Here I would expect the From rule, set for Thai, to not kick at the thai-cjk boundary in for the given text, because the CJK rule overwrites what should happen. There might be cases where that's unwanted, but before anyone sits down to radically rewrite ucharclasses, there'd need to be a few real-world use-cases (that can't be solved by reordering or sticking with For and To rules only) to justify that work,

(and honestly, of the three rules, the From one is the odd one out as far as I'm concerned: it got added for completeness, but I can't think of a single use-case in which it's actually necessary)

cykerway commented 4 years ago

Right, the from is currently the odd one. Most of time what I need is to. But from is necessary in some use cases so it's not entirely useless. I recommend keeping it in the code.

And to solve the from vs to problem, I think we need:

Then from and to will work nicely with each other.

By the way, I think this package is very useful. Do you have any plan upgrading this to expl3?

Pomax commented 4 years ago

XeLaTeX has always been native unicode, so the only time this should need upgrading is when XeLaTeX updates its interchartok behaviour (it already did this once before, when it moved from having only 252 user-definable classes to 4092 user-definable classes, so it might at some point switch to full UCHAR, but I doubt any time soon), so developments in the LaTeX2e/LaTeX3 community don't seem very related?

(not to mention that LaTeX3 has been been the works for over 25 years now, I have no reason to believe it will ever actually get out of the "being worked on" stage)

More variables is what I was thinking too, though, but in order to preserve the current (highly desirable) clobbering behaviour, some more work would be necessary to ensure there are macros that allow changing the clobbering behaviour on the fly, with clobbering turned on by default, as well as a [noclobber] option for people who don't want to have to always be adding a \ucharnoclobber or something in their preamble.

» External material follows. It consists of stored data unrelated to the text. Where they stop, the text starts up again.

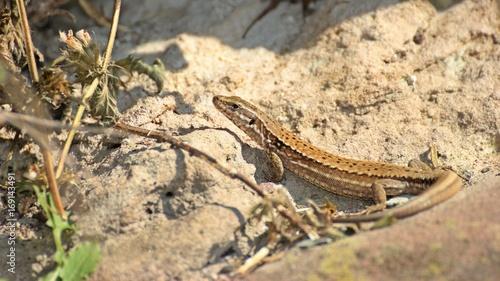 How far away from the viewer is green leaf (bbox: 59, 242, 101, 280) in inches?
129

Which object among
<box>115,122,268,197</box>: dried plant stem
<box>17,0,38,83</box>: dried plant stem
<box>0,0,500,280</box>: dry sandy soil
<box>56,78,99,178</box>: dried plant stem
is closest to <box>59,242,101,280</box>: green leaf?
<box>0,0,500,280</box>: dry sandy soil

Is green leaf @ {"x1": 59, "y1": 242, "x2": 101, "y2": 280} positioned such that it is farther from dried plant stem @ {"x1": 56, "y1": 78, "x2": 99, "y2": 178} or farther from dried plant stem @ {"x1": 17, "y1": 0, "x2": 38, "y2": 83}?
dried plant stem @ {"x1": 17, "y1": 0, "x2": 38, "y2": 83}

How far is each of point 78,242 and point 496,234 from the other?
8.51ft

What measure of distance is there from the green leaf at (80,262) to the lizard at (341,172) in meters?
1.60

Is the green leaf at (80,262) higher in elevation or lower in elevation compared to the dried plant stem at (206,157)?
lower

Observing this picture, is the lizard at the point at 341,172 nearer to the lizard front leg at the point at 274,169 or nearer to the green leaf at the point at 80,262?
the lizard front leg at the point at 274,169

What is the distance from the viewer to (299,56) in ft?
17.9

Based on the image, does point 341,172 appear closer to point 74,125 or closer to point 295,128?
point 295,128

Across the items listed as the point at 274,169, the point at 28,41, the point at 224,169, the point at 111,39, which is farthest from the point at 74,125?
the point at 274,169

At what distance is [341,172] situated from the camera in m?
4.25

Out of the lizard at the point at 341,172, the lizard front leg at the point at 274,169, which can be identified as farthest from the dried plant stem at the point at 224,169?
the lizard front leg at the point at 274,169

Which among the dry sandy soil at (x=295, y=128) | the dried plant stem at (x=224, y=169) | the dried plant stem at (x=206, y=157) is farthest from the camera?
the dried plant stem at (x=206, y=157)

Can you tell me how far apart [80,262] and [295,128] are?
8.01 ft

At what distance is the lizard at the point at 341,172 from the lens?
3.56 m
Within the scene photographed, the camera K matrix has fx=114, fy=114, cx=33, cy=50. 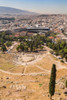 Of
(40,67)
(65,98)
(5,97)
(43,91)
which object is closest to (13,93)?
(5,97)

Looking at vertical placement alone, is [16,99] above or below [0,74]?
above

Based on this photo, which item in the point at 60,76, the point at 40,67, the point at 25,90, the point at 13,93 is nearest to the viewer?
the point at 13,93

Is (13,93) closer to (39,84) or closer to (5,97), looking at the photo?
(5,97)

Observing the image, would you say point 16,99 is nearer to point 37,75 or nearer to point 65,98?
point 65,98

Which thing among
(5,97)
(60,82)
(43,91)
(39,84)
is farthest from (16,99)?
(60,82)

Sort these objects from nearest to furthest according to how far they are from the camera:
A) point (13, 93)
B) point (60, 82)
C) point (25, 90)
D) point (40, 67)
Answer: point (13, 93)
point (25, 90)
point (60, 82)
point (40, 67)

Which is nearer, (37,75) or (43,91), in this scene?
(43,91)

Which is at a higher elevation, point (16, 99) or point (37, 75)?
point (16, 99)

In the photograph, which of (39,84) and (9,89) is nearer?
(9,89)

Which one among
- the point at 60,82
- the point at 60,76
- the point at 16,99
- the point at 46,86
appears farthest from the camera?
the point at 60,76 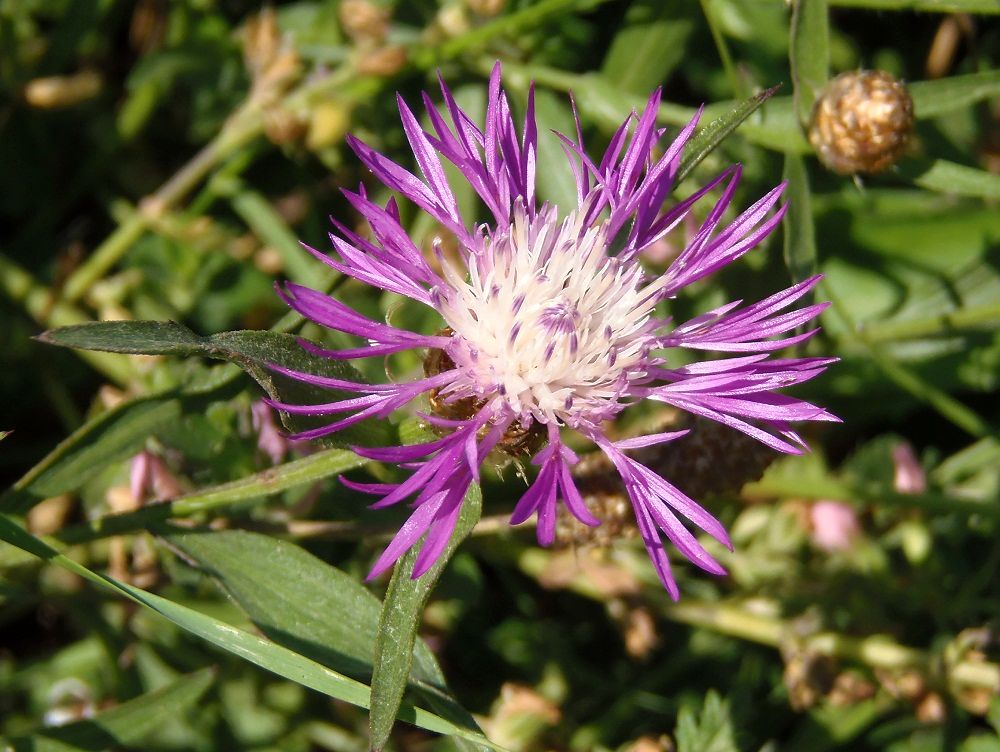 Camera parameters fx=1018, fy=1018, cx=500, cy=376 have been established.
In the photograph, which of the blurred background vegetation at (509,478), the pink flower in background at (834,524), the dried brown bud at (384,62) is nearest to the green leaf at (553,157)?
the blurred background vegetation at (509,478)

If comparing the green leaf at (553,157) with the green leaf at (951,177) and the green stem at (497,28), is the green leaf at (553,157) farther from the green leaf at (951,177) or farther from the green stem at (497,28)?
the green leaf at (951,177)

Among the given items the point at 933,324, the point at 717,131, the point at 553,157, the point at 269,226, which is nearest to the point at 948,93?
the point at 933,324

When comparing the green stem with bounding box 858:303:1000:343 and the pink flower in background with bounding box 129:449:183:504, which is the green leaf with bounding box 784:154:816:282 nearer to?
the green stem with bounding box 858:303:1000:343

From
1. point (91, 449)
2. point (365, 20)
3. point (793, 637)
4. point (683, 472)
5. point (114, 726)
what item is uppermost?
point (365, 20)

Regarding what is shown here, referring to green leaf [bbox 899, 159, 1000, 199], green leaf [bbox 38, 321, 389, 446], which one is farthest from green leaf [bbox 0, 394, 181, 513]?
green leaf [bbox 899, 159, 1000, 199]

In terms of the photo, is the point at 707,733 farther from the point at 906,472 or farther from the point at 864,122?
the point at 864,122

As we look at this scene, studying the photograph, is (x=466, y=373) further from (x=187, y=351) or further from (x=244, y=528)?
(x=244, y=528) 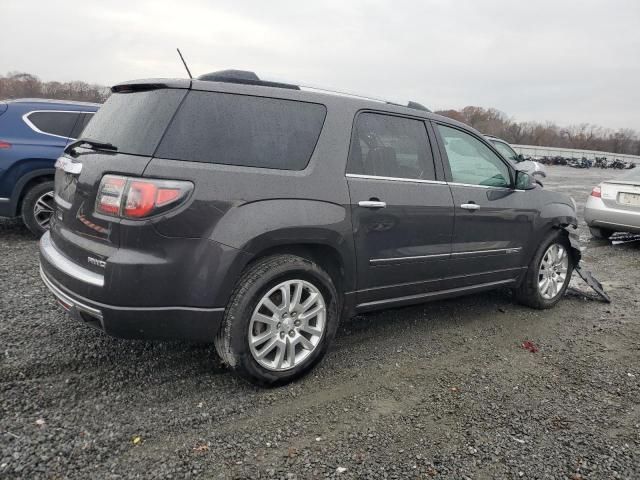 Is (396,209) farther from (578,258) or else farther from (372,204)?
(578,258)

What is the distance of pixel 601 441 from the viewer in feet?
8.91

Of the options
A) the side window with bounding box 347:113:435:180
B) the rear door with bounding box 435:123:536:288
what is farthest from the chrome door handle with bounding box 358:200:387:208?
the rear door with bounding box 435:123:536:288

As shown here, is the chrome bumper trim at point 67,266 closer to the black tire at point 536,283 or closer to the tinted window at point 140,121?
the tinted window at point 140,121

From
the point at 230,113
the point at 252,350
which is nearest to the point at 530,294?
the point at 252,350

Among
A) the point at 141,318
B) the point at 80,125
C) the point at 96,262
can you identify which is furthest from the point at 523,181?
the point at 80,125

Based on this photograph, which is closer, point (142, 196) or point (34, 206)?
point (142, 196)

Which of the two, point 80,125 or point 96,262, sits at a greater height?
point 80,125

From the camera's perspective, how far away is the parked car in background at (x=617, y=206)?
7891 mm

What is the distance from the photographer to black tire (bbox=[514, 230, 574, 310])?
4.73 metres

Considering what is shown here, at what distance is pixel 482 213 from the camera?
4043mm

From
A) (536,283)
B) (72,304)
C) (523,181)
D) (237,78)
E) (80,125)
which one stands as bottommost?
(536,283)

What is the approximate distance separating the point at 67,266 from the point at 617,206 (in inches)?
328

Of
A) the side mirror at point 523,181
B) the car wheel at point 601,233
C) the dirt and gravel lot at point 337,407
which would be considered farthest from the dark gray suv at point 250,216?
the car wheel at point 601,233

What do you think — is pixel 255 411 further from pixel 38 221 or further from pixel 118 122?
pixel 38 221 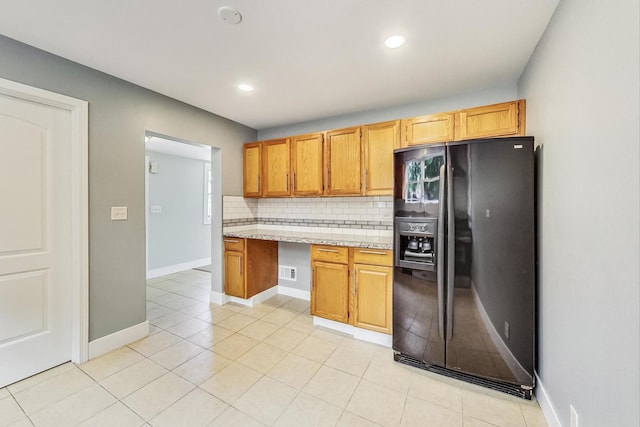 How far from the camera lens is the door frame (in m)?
2.11

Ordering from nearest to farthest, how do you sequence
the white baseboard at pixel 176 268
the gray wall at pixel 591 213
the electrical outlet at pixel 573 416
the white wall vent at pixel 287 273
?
1. the gray wall at pixel 591 213
2. the electrical outlet at pixel 573 416
3. the white wall vent at pixel 287 273
4. the white baseboard at pixel 176 268

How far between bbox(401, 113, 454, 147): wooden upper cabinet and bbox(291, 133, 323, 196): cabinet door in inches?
39.7

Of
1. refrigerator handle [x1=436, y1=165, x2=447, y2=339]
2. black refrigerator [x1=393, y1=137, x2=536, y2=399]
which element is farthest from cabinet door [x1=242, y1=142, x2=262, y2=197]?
refrigerator handle [x1=436, y1=165, x2=447, y2=339]

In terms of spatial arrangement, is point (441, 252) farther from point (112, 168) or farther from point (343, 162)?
point (112, 168)

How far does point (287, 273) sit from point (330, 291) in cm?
126

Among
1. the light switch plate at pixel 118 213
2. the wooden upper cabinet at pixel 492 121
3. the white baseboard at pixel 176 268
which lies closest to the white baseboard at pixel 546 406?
the wooden upper cabinet at pixel 492 121

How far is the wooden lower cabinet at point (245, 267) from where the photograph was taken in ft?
10.7

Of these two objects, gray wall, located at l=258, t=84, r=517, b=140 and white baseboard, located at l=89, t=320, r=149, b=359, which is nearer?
white baseboard, located at l=89, t=320, r=149, b=359

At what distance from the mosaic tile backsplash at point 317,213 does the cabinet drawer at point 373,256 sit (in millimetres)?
744

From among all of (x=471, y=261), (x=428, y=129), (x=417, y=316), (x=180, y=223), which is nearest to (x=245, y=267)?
(x=417, y=316)

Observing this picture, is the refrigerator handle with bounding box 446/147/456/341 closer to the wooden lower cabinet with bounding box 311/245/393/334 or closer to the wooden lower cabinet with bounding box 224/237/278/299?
the wooden lower cabinet with bounding box 311/245/393/334

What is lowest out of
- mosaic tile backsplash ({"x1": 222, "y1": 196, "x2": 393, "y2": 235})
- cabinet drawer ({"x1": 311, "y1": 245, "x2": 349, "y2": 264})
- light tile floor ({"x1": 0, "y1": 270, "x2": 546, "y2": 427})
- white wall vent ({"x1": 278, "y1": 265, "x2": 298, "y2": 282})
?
light tile floor ({"x1": 0, "y1": 270, "x2": 546, "y2": 427})

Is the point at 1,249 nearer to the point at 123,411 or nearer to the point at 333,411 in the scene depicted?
the point at 123,411

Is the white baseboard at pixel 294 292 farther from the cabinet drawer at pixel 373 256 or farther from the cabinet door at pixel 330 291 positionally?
the cabinet drawer at pixel 373 256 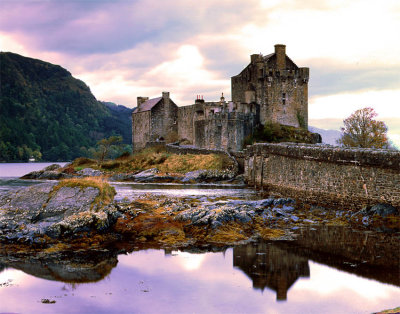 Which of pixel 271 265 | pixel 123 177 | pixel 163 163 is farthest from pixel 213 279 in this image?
pixel 163 163

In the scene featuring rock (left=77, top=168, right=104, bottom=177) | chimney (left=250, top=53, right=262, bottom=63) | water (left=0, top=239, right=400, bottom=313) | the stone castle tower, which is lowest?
water (left=0, top=239, right=400, bottom=313)

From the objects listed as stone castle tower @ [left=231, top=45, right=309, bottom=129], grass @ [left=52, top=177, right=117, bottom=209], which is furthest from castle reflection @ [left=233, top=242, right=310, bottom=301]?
stone castle tower @ [left=231, top=45, right=309, bottom=129]

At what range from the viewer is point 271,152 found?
92.0ft

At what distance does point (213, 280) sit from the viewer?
10.4 m

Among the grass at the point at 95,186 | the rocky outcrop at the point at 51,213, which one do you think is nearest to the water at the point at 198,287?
A: the rocky outcrop at the point at 51,213

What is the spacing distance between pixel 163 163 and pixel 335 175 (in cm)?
2736

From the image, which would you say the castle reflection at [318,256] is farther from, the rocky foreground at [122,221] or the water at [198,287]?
the rocky foreground at [122,221]

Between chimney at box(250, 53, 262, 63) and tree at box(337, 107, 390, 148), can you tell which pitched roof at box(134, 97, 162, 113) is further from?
tree at box(337, 107, 390, 148)

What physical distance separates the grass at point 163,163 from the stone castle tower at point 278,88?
9.84 m

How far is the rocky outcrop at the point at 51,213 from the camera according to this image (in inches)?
555

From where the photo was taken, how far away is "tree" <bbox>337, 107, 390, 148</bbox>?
126 ft

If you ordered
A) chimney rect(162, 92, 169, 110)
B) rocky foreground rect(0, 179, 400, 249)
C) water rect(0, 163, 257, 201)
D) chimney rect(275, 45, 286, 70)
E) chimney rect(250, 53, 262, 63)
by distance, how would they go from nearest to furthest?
rocky foreground rect(0, 179, 400, 249), water rect(0, 163, 257, 201), chimney rect(250, 53, 262, 63), chimney rect(275, 45, 286, 70), chimney rect(162, 92, 169, 110)

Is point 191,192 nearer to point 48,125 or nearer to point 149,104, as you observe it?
point 149,104

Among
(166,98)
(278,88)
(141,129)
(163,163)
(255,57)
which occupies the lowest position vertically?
(163,163) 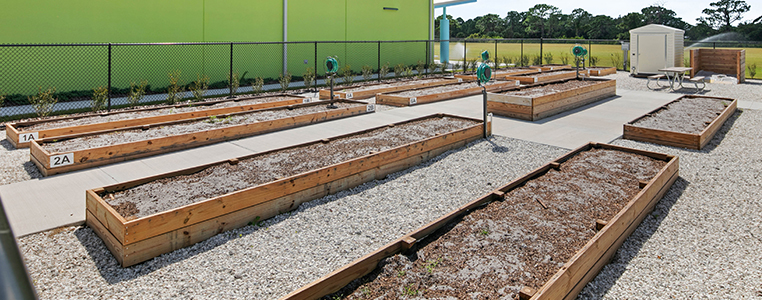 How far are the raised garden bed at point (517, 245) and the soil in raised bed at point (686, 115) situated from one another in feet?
12.1

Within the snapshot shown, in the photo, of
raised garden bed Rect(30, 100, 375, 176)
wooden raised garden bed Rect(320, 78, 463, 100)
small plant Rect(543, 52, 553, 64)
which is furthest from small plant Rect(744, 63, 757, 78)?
raised garden bed Rect(30, 100, 375, 176)

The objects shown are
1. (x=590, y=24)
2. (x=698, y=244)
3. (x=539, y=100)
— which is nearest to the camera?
(x=698, y=244)

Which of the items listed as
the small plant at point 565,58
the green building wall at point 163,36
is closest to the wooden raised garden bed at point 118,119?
the green building wall at point 163,36

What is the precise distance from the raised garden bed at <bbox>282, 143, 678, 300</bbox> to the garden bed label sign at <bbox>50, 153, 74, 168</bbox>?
5.22 metres

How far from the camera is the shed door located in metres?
21.7

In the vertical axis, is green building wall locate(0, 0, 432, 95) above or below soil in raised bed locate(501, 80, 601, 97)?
above

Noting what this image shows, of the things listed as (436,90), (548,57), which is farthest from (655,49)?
(436,90)

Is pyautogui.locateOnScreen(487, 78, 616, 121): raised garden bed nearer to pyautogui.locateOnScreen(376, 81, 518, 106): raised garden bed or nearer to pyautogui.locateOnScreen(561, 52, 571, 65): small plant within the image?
pyautogui.locateOnScreen(376, 81, 518, 106): raised garden bed

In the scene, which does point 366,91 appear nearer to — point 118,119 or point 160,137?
point 118,119

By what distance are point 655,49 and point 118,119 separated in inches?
846

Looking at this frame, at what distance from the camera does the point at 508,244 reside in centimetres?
444

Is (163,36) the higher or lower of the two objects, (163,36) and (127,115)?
the higher

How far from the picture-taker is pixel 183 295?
4.00 meters

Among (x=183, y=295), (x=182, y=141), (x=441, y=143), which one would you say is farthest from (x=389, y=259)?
(x=182, y=141) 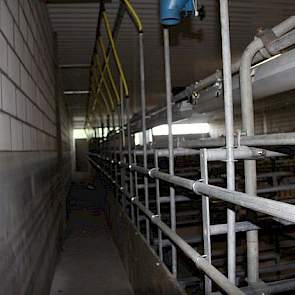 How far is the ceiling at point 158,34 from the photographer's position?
415cm

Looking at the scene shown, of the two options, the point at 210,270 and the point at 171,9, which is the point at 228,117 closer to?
the point at 210,270

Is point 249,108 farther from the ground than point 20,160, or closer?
farther from the ground

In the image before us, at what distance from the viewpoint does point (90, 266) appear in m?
3.89

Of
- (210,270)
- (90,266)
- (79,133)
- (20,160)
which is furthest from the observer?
(79,133)

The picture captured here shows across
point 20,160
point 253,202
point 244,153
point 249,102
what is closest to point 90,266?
point 20,160

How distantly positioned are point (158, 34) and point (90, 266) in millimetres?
3257

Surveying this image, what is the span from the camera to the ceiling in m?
4.15

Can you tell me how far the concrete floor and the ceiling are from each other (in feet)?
8.05

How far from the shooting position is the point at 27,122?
230 cm

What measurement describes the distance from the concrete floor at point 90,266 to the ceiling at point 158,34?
2.45 metres

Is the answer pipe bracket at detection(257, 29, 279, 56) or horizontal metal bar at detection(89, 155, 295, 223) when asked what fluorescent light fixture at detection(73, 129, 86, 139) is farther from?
pipe bracket at detection(257, 29, 279, 56)

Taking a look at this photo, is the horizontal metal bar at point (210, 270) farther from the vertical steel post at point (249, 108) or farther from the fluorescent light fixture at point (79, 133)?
the fluorescent light fixture at point (79, 133)

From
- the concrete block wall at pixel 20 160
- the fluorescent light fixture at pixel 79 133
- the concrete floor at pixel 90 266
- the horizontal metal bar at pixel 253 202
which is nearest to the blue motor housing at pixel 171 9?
the concrete block wall at pixel 20 160

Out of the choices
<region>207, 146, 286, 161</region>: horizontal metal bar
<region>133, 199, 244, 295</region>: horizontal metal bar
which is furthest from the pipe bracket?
<region>133, 199, 244, 295</region>: horizontal metal bar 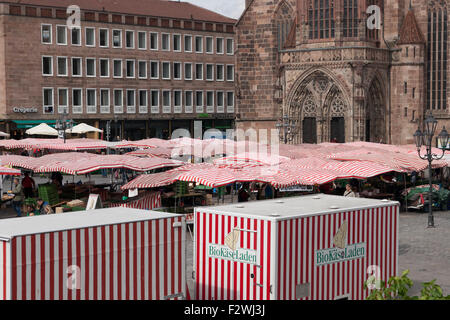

cykerway commented 4 years ago

Alright, thank you for the feedback. I mentioned expl3 because I think it provides more useful macros than LaTeX2e and may make the "variable work" easier. I feel TeX variables are much more tricky than in a general language such as Java. I haven't made it clear how their expansion works exactly. Things seem to be better defined in LaTeX3. Otherwise, LaTeX2e or LaTeX3 is unrelated here. By the way, there are 308 Unicode blocks in total. So I guess less than 256 classes don't make much sense. Well, you could say users don't always need that many.